Using Amara's pushtree for heavyweight XML processing in GRDDL and SPARQL querying

I’ve been using Amara to address my high throughput needs for Extract Transform Load (ETL), querying, and processing of large amounts of RDF. In one particular part of the larger process, I needed to be able to stream very large XML documents in a particular dialect into RDF/XML. I sent an email to the akara google group describing the challenges and my thoughts behind wanting to use a streaming XML paradigm rather than XSLT.

I basically want to leverage Amara’s pushtree and its use of coroutines as a minimal-overhead pipeline for dispatching events triggered by elements in the source XML, where the source XML is a GRDDL source document and the pushtree coroutine is the transformation property. That task is still a work in progress, in the interest of expedience I went forward and used XSLT but need to try out some of what Uche suggested in the end.

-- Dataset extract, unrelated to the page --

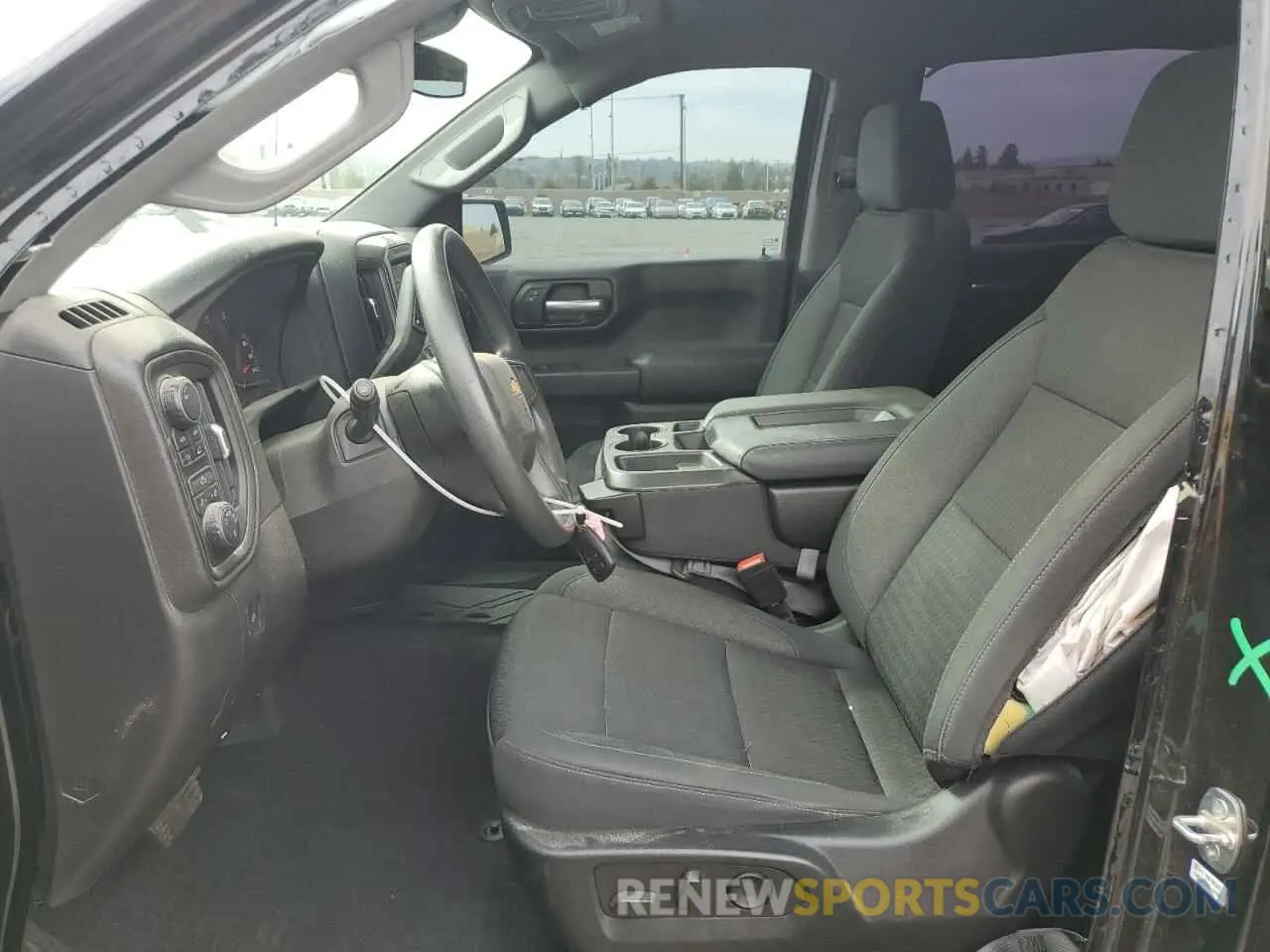 7 fotografías del automóvil dañado 3GCPDBEK5NG501882 CHEVROLET ALL Models 2022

The other part where I have made much more progress is in streaming results to SPARQL queries (against a SPARQL service) into a CSV file via command-line and with minimal overhead (also using Amara, pushtree, and coroutines). A recent set of changes to layercake-python modified the sparqler command-line to add an —endpoint option which takes a SPARQL service URL. Other changes were made to the remote SPARQL service store to support this.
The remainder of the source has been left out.